The Five Love Languages of Children
Gary Chapman
Presented by Drs. Tom and Arlene McFarland

 
 

* Love is an emotional need!

* Inside each child is an emotional love tank

* They may know their loved, but they may not FEEL loved.

* They feel loved because the important people in their life are speaking their Love Language


* The Five Emotional Love Languages are:

1. Words of Affirmation (praising them for their qualities, what they do, or who they are; appreciating)

List two of each of your children's positive traits

#1___________________ #2________________ #3________________

___________________ ____________________ ___________________

2. Quality Time (Things done together--may be shared experience, conversation, activity)

List the last two great quality times with your children

1________________________________ 2______________________________

What two quality times you would like to do in the next month?

1_________________________________ 2_______________________________

3. Acts of Service (doing for and/or with the other, even if you don't enjoy the activity)

What could you do for or with them that would tell them they are loved?

1_________________________________ 2________________________________

4. Gifts (reminders of your commitment to love)

List special gifts you gave your child in last year

1________________ 2________________ 3________________

5. Touch (hugs, pats, holding, arm over shoulder, holding hands)


* Each child has a primary love language

* Almost never do your children have the SAME love languages

* Usually we speak OUR love language

* We must LEARN to speak the love language of our children

* We can tell what their language is by:

What they COMPLAIN about (You never..., you always..., etc)

What HURTS them deeply

What they DO for those they love

What they say they CAN'T live WITHOUT



 

* I think my child's LL is: ________________________________________

* We can teach our children how to get their LL spoken to them by teaching them how to make REQUESTS

* You have the CHOICE to do what fills their tank.

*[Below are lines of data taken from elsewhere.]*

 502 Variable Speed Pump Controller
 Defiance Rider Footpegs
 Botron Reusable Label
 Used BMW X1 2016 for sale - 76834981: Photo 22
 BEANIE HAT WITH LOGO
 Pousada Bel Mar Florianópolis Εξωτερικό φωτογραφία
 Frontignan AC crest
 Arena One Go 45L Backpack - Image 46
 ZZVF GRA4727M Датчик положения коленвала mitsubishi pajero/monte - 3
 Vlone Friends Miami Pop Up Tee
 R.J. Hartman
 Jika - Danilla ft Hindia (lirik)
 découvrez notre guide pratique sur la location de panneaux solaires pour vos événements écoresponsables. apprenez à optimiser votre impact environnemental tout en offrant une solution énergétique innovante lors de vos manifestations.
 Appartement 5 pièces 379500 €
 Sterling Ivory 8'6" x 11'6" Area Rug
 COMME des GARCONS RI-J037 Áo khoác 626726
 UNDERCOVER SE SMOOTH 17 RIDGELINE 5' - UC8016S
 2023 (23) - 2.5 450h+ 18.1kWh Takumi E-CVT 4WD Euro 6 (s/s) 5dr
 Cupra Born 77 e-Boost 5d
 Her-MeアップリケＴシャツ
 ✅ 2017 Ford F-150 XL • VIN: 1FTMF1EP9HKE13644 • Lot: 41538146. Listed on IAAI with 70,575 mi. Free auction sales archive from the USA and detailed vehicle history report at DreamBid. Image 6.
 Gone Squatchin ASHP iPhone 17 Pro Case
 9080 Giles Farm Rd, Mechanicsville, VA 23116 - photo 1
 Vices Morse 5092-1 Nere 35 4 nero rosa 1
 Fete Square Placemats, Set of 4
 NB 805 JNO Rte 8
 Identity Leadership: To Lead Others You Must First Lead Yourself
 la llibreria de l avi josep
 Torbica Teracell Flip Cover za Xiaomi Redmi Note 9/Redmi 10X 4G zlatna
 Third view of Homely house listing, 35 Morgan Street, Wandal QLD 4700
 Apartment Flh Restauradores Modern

* Love tanks can have holes that leak love and cause them to feel less than full because of childhood abuse, neglect, or feelings of rejection.

* With full love tanks children can really FEEL loved and will grow into adults that are capable of true intimacy.

*Speaking the love language of the other person communicates that you choose to demonstrate your love to them.


TANK CHECK (Recommended at least weekly)

* Ask your child: "On a scale of 1 to 10, how full is your love tank?"

                                                                            1     2     3     4     5     6     7     8     9     10
 

* If the response is less than 10, say "What can I do to help fill your tank?"



Making Requests
We teach our children by example.  Teach them how to ask for the emotional needs they have by using the following format:

I feel _______________________________________________________

when you _______________________________________________________

I would like to request that ______________________________________________________

If you choose not to, ________________________________________________________

If you do, ________________________________________________________

EXAMPLES:

I feel scared when you yell at me. I would like to ask that you speak to me in a calm, polite voice. If you choose not to, I will still be afraid. If you do, I'll feel less scared and more like cooperating.

I feel lonely when I have to stay home alone.  I would like to ask that you let me go home with Amy until you get off work.  If you let me, I will feel less lonely.  If you don't, I will still have this empty place in my heart.

I feel rejected when you don't talk to me. I would like to ask that you read two pages from this book with me and talk about it tonight. If you choose not to, I can accept that, but if you do, I'll feel more loved.
 

Teach them to
ALWAYS:                              1)     EXPRESS AN EMOTION
                                                  2)     MAKE A REQUEST
                                                  3)     SET A LIMIT
                                                  4)     GIVE THEM THE CHOICE TO SAY THEY CAN'T DO WHAT YOU ASK.